■ WORK REQUIRED:
Output exactly the lines from the line that has "Significant 5.2 quake" through the last line of the data below, with no pictures.

■ DATA EXCERPT:

* * * * * * *

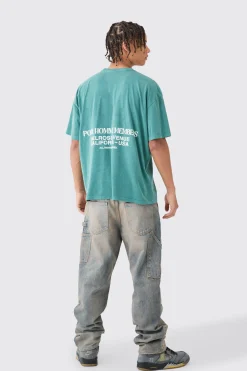 Oversized Washed Boxy Graphic T-shirt | BoohooMAN UK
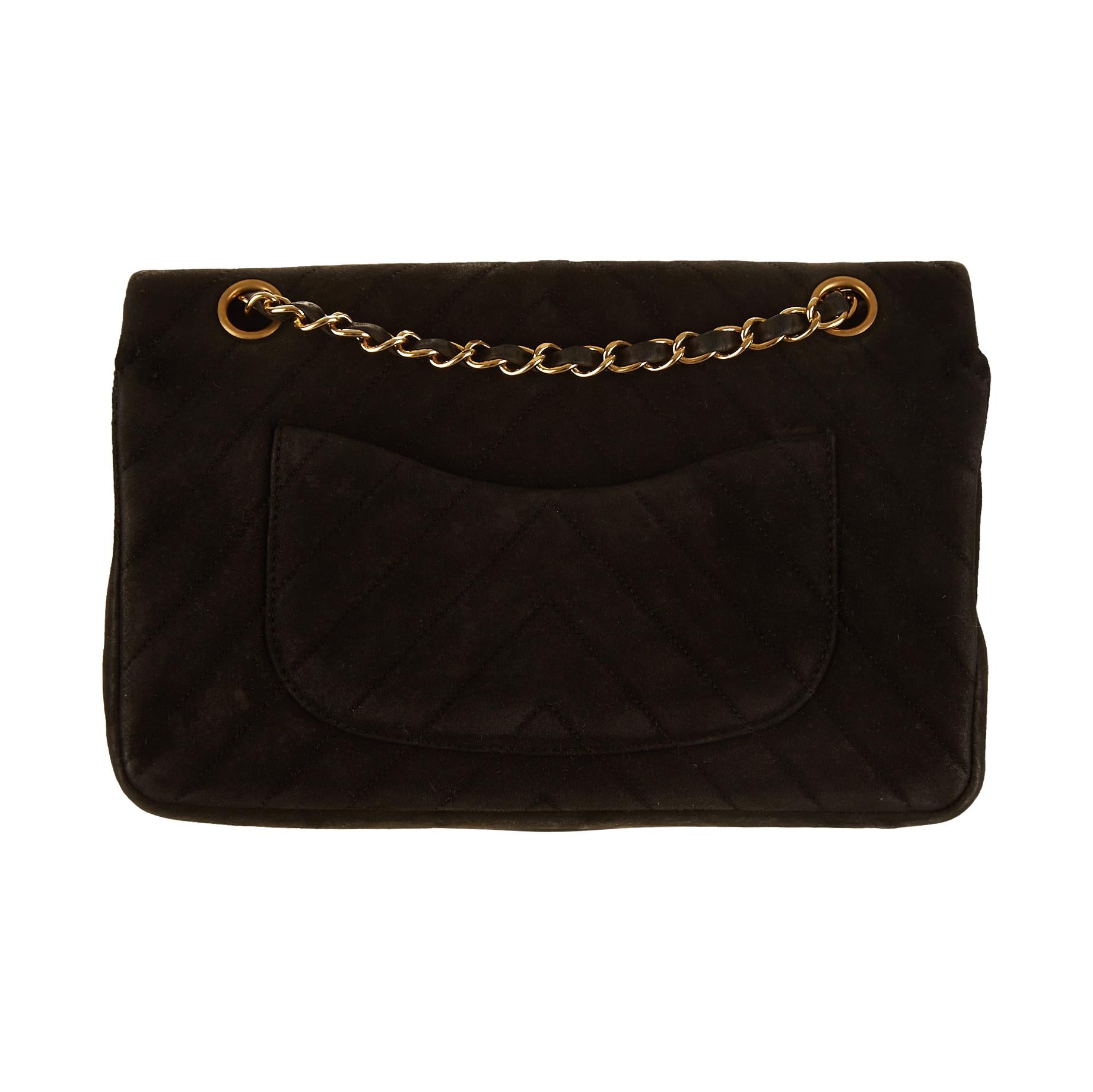 Chanel Black Chevron Double Flap Bag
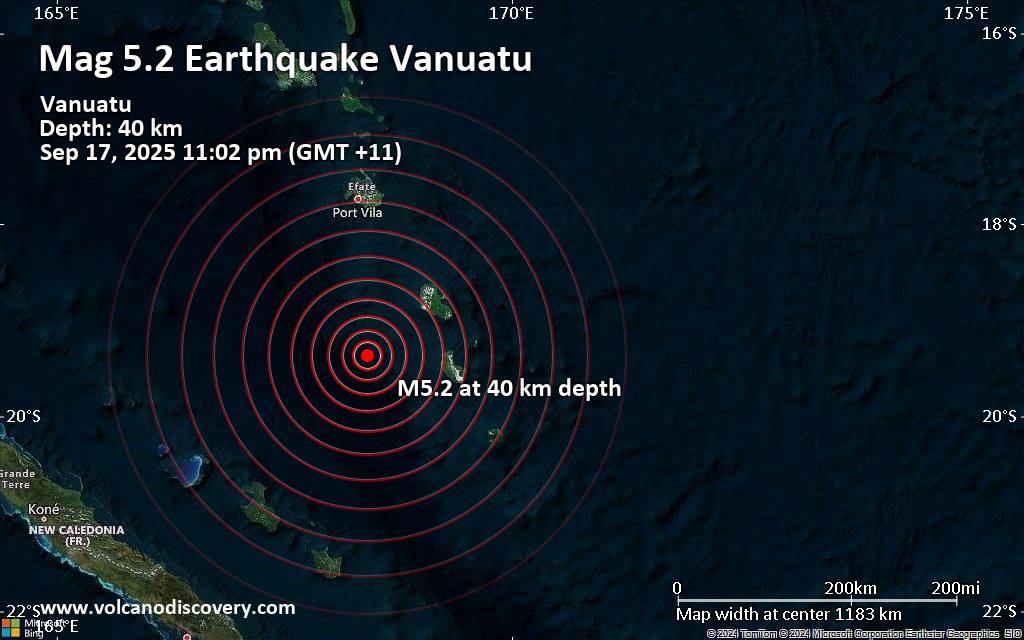 Significant 5.2 quake hits near Isangel, Tafea Province, Vanuatu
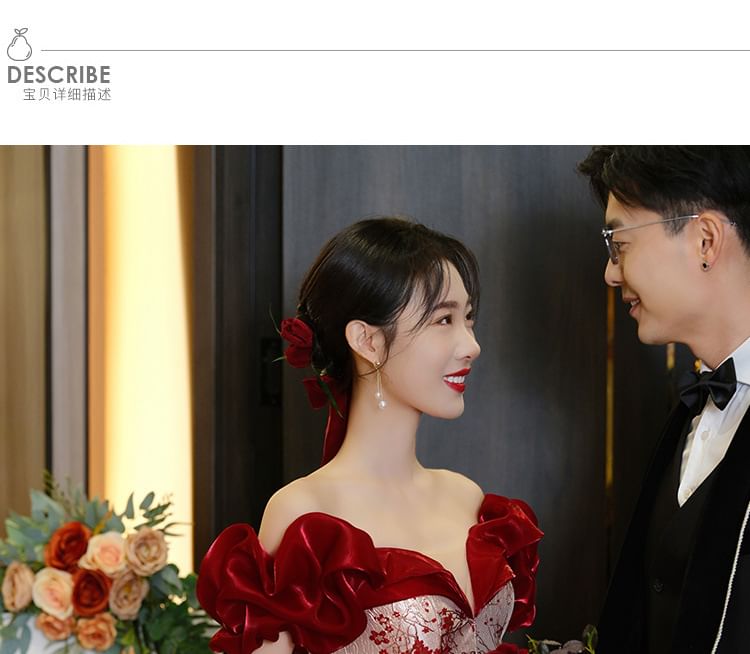 Shoulder Evening Floral Gown A-Line Dress Off /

* * * * * * *

■ ANSWER SECTION:
 Significant 5.2 quake hits near Isangel, Tafea Province, Vanuatu
 Shoulder Evening Floral Gown A-Line Dress Off /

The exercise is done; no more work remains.